Es mag ein bisschen albern erscheinen, auf diese Weise über ein Mario-Spiel zu sprechen, aber ich denke, dass Albernheit der Schlüssel zur Resonanz des Spiels ist. Ein Großteil des Lebens selbst ist schließlich albern und frivol. Auch wir haben egoistische Bienenköniginnen, verängstigte Kaninchen, die schwer zu fangen sind, verlorene Kinder, die Süßigkeiten und eine Umarmung brauchen. Wir leben und sterben und kacken und essen in einem blauen Fleck in der Weite des Weltraums.

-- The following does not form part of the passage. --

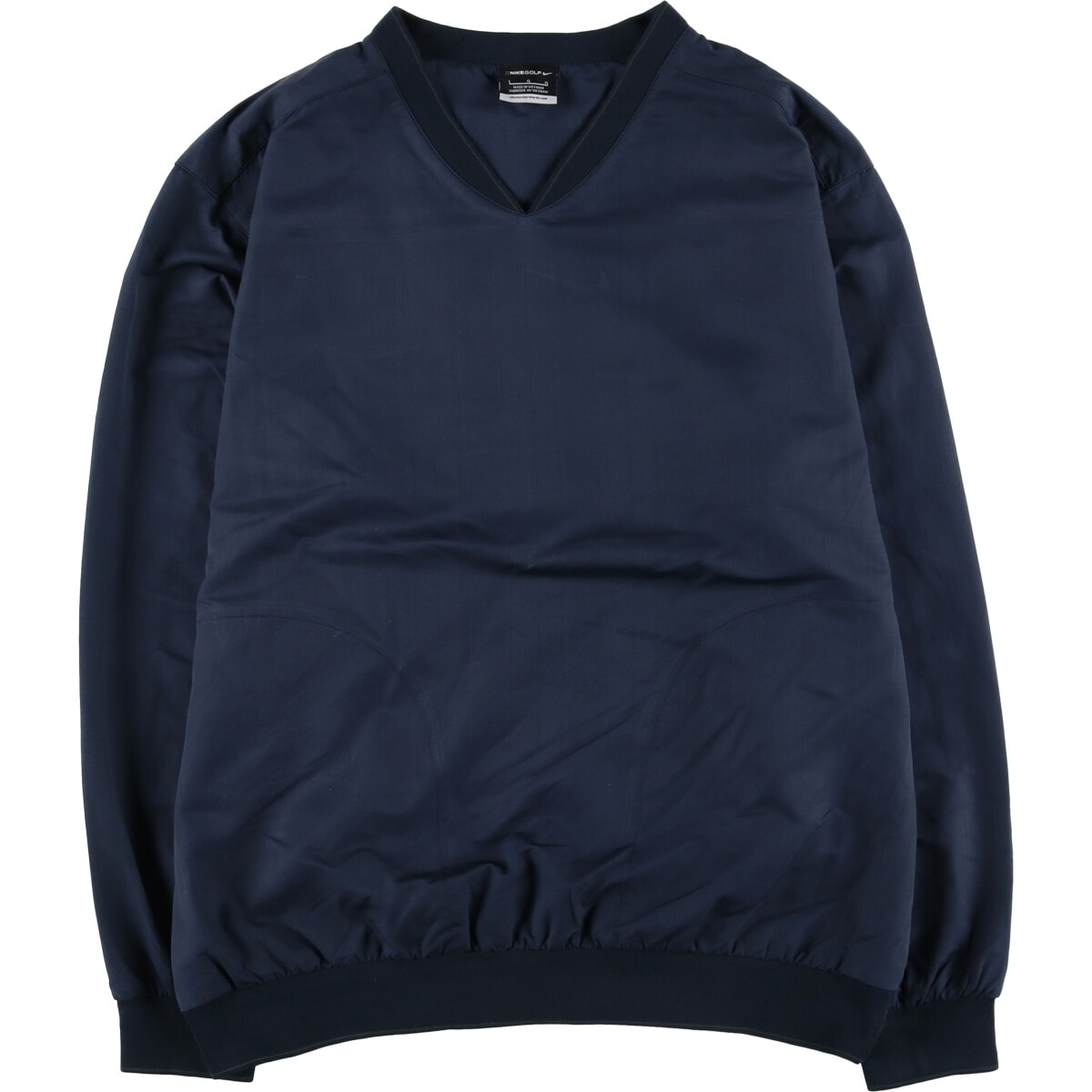 古着 ナイキ NIKE GOLF ゴルフ Vネック ウォームアッププルオーバー メンズL相当/eaa520969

Unser Leben fühlt sich wichtig an, ist aber so klein. Im großen Maßstab der Dinge mögen riesige Dinge wie Planeten und Ökosysteme zu unbedeutend erscheinen. Diese kleinen Leben haben jedoch enge Verbindungen zu den Sternen, die sie ermöglichen. Auch wir leben und sterben, werden geboren und wiedergeboren. Unser Tod ist Materie für die Leben, die vor uns kommen werden, so wie der Tod unzähliger Sterne die Materie geschaffen hat, aus der wir gemacht sind. Die Tatsache, dass Menschen und Tiere und Pflanzen überhaupt hier sind, ist ein Wunder an Zahlen, das nirgendwo anders dupliziert werden kann. Es ist ein einsames Universum. Aber es wird von unseren flackernden Lichtern und unseren Verbindungen untereinander beleuchtet.